__YOUR GOAL__: Print only the lines running from the line with "Hello everybody and" to the final line below, both included, exactly as written and without the pictures.

### DATASET RECORDS

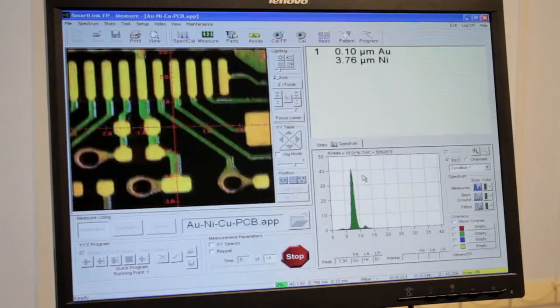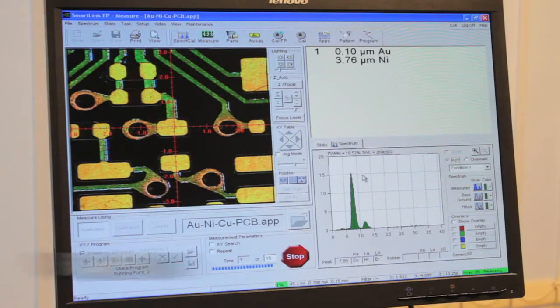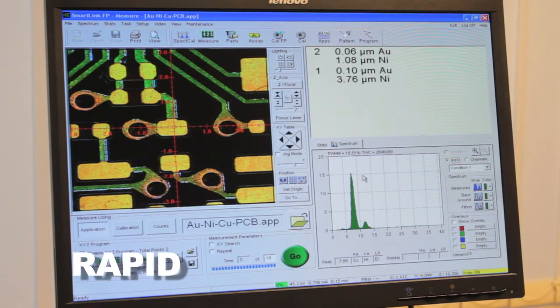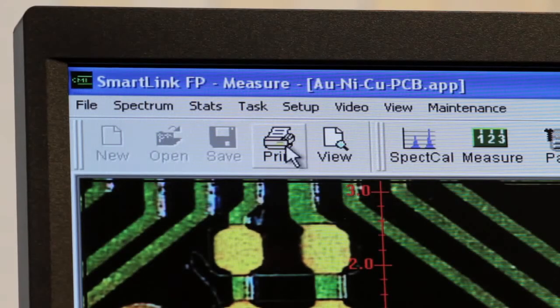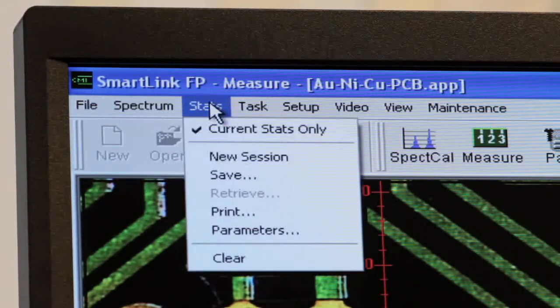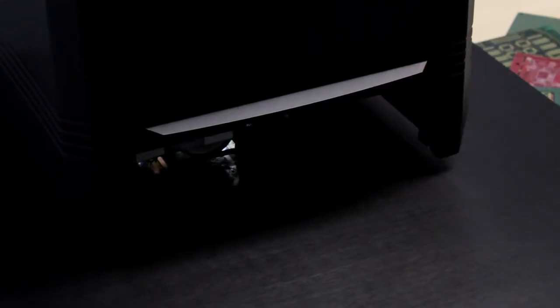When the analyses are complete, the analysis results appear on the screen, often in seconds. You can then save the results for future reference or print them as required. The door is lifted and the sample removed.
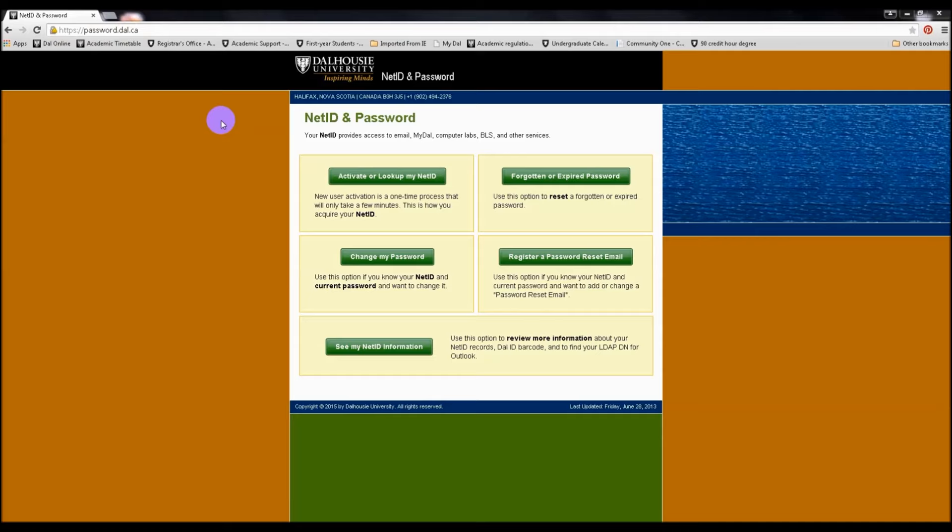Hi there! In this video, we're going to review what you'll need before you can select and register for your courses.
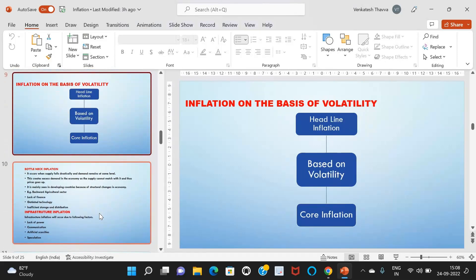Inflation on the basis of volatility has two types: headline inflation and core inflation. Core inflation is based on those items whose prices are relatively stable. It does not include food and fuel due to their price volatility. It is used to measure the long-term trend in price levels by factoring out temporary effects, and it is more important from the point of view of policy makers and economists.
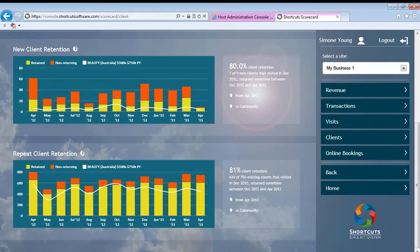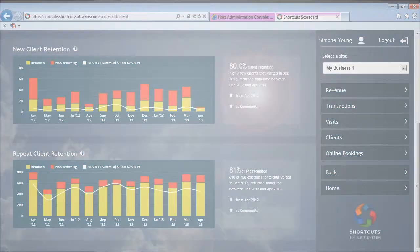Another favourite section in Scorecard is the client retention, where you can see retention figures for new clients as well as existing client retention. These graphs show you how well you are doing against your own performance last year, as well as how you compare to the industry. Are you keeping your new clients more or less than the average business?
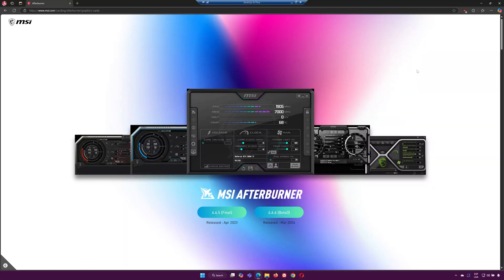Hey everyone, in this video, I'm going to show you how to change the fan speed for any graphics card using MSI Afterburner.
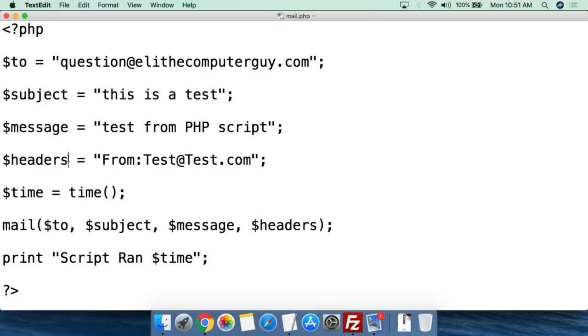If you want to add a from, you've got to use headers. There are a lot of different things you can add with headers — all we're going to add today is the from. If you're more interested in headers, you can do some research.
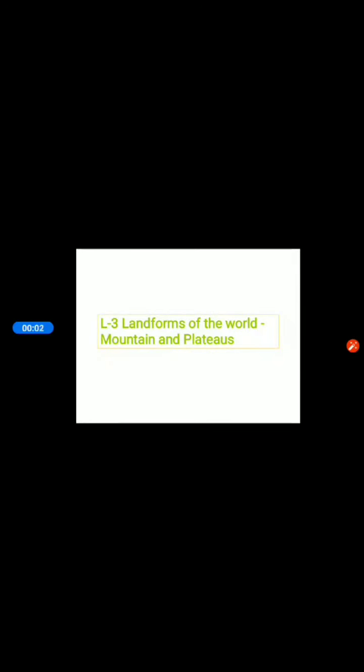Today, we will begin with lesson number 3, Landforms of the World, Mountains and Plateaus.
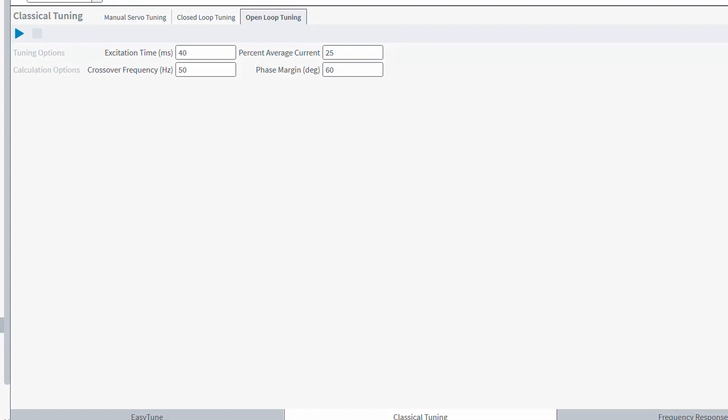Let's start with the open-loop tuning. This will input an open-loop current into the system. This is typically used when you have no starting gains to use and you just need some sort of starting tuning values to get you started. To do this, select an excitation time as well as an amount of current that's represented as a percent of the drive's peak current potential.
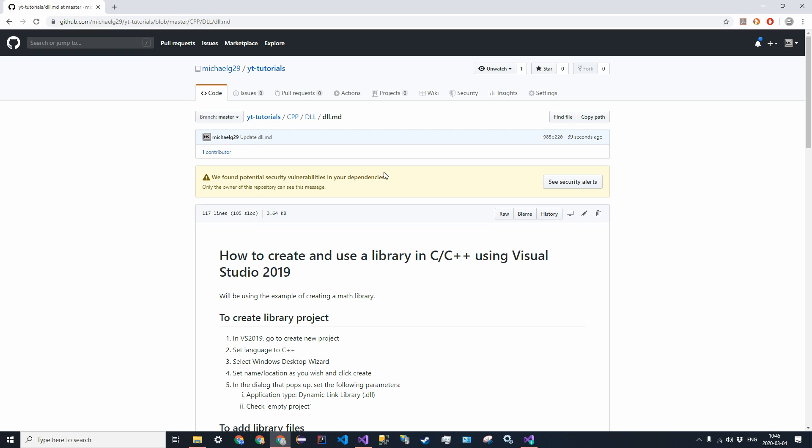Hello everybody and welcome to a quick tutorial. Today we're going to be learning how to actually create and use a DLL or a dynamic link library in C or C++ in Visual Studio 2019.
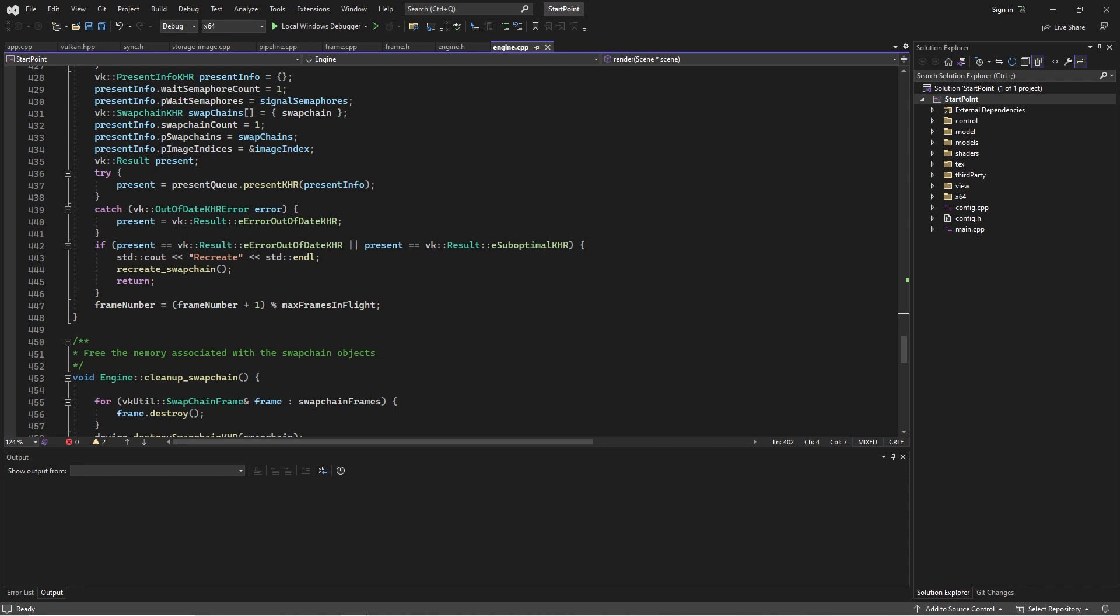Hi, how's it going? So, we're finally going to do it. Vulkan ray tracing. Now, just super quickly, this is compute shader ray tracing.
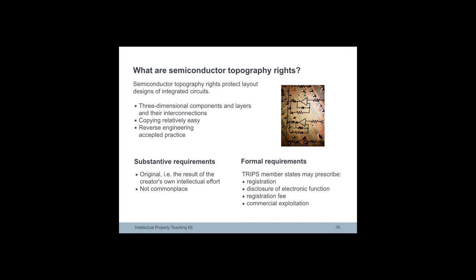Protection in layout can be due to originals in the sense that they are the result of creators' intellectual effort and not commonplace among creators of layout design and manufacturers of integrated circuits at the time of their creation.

######

__RESULT OF THIS TASK__:
Hello everybody and welcome to a quick tutorial. Today we're going to be learning how to actually create and use a DLL or a dynamic link library in C or C++ in Visual Studio 2019.
Hi, how's it going? So, we're finally going to do it. Vulkan ray tracing. Now, just super quickly, this is compute shader ray tracing.
Protection in layout can be due to originals in the sense that they are the result of creators' intellectual effort and not commonplace among creators of layout design and manufacturers of integrated circuits at the time of their creation.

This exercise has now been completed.